Now you might argue that if we don’t lock down our youth then they might bring COVID home to the more vulnerable.  Yes, but shouldn’t that be a risk that each family chooses for themselves?  I haven’t seen my mom in 14 months.  This is a conscious choice to not be the one to bring illness to her or any of the other few hundred residents in her home.  If I had to take a risk of getting COVID in order to lessen the burden for my kids I would (and I have for the one child working in food service).
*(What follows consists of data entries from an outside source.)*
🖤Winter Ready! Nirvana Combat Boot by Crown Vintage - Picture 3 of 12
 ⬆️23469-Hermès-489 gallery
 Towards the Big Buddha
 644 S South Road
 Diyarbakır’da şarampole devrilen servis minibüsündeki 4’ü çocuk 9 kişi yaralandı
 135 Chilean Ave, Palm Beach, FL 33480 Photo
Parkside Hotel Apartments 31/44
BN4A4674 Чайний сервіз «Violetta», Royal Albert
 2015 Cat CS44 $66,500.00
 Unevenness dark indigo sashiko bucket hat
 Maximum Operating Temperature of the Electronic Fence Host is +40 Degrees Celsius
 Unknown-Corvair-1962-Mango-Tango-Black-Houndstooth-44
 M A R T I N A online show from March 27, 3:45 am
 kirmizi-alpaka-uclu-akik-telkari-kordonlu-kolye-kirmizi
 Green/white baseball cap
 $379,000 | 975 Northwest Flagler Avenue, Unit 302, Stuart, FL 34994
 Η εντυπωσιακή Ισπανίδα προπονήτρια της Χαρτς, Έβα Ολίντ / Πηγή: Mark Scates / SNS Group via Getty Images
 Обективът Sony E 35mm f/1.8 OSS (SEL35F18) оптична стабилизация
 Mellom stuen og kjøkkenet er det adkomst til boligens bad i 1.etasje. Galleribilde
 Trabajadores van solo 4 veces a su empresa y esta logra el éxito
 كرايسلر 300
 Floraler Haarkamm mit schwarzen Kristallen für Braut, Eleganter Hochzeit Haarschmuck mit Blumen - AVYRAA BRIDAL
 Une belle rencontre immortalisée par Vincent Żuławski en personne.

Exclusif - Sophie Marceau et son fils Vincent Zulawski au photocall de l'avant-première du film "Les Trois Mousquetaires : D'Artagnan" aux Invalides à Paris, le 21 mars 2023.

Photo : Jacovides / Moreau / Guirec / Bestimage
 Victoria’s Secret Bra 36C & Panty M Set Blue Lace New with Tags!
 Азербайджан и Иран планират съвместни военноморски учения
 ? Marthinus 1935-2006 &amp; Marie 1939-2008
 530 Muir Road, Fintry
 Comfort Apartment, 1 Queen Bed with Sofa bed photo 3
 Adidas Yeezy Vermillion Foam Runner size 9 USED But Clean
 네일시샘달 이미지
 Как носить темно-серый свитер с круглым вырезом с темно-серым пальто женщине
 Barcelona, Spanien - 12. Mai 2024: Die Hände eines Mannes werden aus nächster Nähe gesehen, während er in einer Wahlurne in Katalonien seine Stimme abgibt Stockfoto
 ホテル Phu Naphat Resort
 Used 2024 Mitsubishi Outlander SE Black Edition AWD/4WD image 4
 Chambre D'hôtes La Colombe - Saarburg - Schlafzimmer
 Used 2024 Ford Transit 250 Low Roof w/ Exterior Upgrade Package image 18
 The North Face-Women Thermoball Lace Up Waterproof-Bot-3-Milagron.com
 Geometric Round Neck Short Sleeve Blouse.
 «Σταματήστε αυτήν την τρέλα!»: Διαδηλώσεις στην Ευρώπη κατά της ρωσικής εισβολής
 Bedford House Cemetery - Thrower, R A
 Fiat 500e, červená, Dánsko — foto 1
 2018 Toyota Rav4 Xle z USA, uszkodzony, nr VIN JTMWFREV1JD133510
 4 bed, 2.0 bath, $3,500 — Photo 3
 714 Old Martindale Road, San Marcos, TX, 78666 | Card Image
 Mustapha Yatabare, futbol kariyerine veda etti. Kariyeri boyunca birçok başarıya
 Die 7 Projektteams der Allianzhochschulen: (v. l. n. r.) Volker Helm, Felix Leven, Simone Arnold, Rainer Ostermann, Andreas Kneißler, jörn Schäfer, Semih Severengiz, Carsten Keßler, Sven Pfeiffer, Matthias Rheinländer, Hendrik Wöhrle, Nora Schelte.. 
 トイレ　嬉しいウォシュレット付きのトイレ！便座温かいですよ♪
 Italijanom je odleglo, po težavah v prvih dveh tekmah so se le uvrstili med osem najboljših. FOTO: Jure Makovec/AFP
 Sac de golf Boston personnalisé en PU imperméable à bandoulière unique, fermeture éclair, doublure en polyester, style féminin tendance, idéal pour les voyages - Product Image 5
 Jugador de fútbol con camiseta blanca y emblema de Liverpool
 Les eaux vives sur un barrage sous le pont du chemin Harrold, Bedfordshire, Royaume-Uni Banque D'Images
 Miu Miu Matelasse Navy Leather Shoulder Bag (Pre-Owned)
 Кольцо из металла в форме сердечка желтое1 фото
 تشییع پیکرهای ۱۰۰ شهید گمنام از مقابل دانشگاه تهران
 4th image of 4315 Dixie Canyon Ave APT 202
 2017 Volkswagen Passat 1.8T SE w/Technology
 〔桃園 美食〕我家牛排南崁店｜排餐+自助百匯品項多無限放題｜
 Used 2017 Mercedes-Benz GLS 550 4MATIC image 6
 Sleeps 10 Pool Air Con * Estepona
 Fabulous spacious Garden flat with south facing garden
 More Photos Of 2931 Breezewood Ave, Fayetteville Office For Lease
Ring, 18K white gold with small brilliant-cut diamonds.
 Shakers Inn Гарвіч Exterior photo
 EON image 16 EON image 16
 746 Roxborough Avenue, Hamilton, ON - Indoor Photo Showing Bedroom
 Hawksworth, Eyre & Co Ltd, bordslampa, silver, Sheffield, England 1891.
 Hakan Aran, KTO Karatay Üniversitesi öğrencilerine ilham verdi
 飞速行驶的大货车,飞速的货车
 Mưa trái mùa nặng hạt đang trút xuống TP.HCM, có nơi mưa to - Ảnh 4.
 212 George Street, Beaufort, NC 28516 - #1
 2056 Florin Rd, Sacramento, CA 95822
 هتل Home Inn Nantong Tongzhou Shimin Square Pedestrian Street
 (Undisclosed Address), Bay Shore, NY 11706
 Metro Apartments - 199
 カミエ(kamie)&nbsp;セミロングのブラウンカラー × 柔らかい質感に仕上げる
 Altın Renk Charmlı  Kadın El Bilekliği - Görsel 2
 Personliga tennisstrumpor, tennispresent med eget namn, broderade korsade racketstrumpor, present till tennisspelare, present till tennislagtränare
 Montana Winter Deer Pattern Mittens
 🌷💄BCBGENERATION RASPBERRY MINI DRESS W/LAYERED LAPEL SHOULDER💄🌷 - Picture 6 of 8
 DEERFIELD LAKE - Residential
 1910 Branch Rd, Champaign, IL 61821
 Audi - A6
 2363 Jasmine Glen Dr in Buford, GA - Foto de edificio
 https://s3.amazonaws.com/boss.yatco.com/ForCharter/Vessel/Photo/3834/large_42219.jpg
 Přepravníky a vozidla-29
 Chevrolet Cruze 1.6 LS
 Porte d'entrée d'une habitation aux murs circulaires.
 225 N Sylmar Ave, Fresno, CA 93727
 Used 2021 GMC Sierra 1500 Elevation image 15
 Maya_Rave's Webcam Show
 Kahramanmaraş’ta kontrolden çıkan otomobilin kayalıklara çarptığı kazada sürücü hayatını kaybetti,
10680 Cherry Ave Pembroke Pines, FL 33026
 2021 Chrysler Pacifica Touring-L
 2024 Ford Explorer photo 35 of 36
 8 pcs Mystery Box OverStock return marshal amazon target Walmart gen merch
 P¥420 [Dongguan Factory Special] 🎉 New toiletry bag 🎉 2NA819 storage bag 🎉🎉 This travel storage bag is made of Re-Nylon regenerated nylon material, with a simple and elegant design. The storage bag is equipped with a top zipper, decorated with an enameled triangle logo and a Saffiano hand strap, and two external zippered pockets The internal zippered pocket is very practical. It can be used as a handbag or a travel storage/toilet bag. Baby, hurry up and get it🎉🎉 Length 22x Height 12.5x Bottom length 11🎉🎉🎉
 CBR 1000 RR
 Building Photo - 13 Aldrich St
Now you might argue that if we don’t lock down our kids and then people my age get sick and need care at the hospital, then we might overrun the hospital which isn’t fair to our healthcare workers.   Let me start by saying that, like our scientists, I also hold our medical workers in high regard and I am sure this past year has been the most difficult any of them have experienced in their lifetimes (unless they left the system for safety or to protect their own loved ones).  Unfortunately, after a year of COVID-19 and no reasonable argument that we could afford to wait for a vaccine, we have failed to develop capacity and protocols to reduce our vulnerability to this menace that is circulating around us.  As a society we have made choices over the last 50 years that lead us to today and we cannot pivot to smaller retirement homes, more nurses, and most importantly more ICU beds – but at the same time no one wants to accept the unfortunate consequences that come from priorities we chose.

It is morbid to think about choosing who we save and who we sacrifice but not talking about it, pretending that we can save everyone, and then lamenting each death lacks wisdom.  For all of us, one day our time will be up, and we can’t look to the government to prevent that from happening.  Should the government outlaw obesity or smoking which are clear co-morbidities for those contracting COVID-19?  What will we do when the next virus arrives? What do we owe each other in society and how to we choose between personal freedoms and the collective good?

These are hard questions and take time for discussion – I can’t help but think that we have been caught flat footed without any real idea of what is important to all of us and maybe the answer is so different for many of us that we were only living an illusion that we were all part of the same society.